The Seamen's Strike 1911
The Glasgow Anarchist Group was actively involved in the Seamen’s Srike of 1911. George’s activity in the Seamen’s Strike saw him arrested and charged with leading an attack on the wharves. The reason for the attack was that the wharves were employing scab labour during the strike. However due to the strength of the strike the charges were dropped, but this activity cost him his job, the usual way of trying to starve activists into submission. George Ballard, in an attempt to avoid victimisation became George Barrett, a name he had used as a nom-de-plume in the past. The same year the Group began to expand its activities beyond Glasgow. Soon they were holding meetings at two places in Glasgow, as well as Paisley, Clydebank, Maryhill and Parkhead.
== May Day 1913
On May day 1913 George Barrett with the help of George Davidson started to produce the weekly paper “The Anarchist”. The paper ran for 34 issues and was to prove George Barrett to be every bit as good a writer as he was a speaker. His involvement in the paper was at every level, writing articles doing all the editing, plus lots of odd jobs such as folding, packing, getting the paper rolled off and even rushing with things to the post, there were times things had to go to the pawn to pay the “comps” wages. Even with the extra workload of the paper George continued to speak at every opportunity, lunchtime and evening meetings being the normal routine, his energy seemed to be boundless. George Barrett’s ability as a speaker took him on several speaking tours of Scotland and England. On these tours he would help to set up anarchist groups wherever he was speaking, most of these groups lasted throughout the 1914-18 war.
The DUblin Connection
When the government suppressed James Connolly’s newspaper in Dublin it was the Glasgow Anarchist Group that took over the printing of the paper for them and smuggled it into Ireland.

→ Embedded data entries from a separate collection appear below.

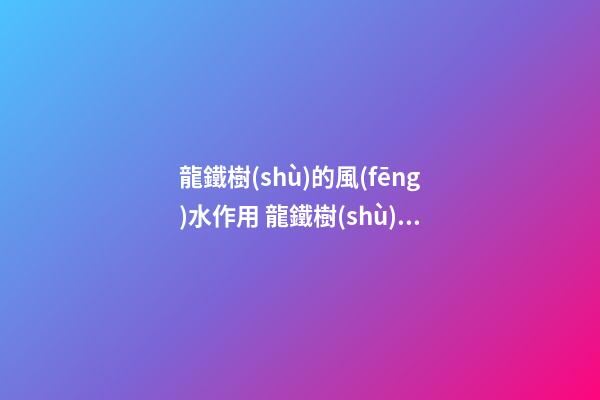 龍鐵樹(shù)的風(fēng)水作用 龍鐵樹(shù)的風(fēng)水禁忌
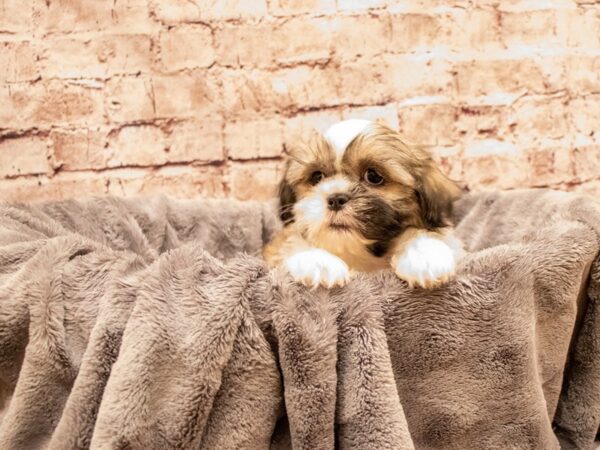Shih Tzu- Available 8/17-DOG-Male-Black Gold and Silver-1426-PetCenter Old Bridge, New Jersey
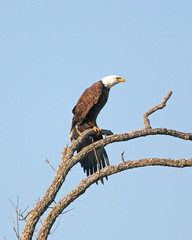 eagle on a branch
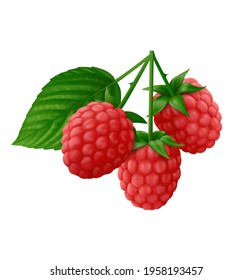Branch of red raspberry with green leaf isolated on white background. Realistic vector illustration.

The British mainland police, although they raided several anarchist presses, including “Freedom Press” in London, they never managed to get the right one.
An Early Death
Speaking at a meeting in Edinburgh in March 1913 George Barrett caught a chill from which he never fully recovered. He developed tuberculosis which proved to virulent and deadly and died in January 1917.
George Barrett was certainly one of the clearest thinkers and ablest of speakers of his era, his passion, intensity and faith never wavered even although he lived to see most of his work undone by the war. He profoundly believed that the system could not be merely altered to make the ordinary peoples’ lives better, it had to be a complete revolution. His pamphlets were written with clear, precise thought and simple language. His pamphlet “The Last War” showed that the war was the workers being used to settle a quarrel between their masters and that the real war was the taking over of the means of production and distribution by the workers. The government condemned the pamphlet “The Last War” but not before 10,000 copies had been sold. Just a few months before his death George Barrett produced two more brilliant pamphlets, “The Anarchist Revolution” and “Objections to Anarchism”, proving that right to the end he was an accomplished propagandist who had never strayed from his anarchist convictions.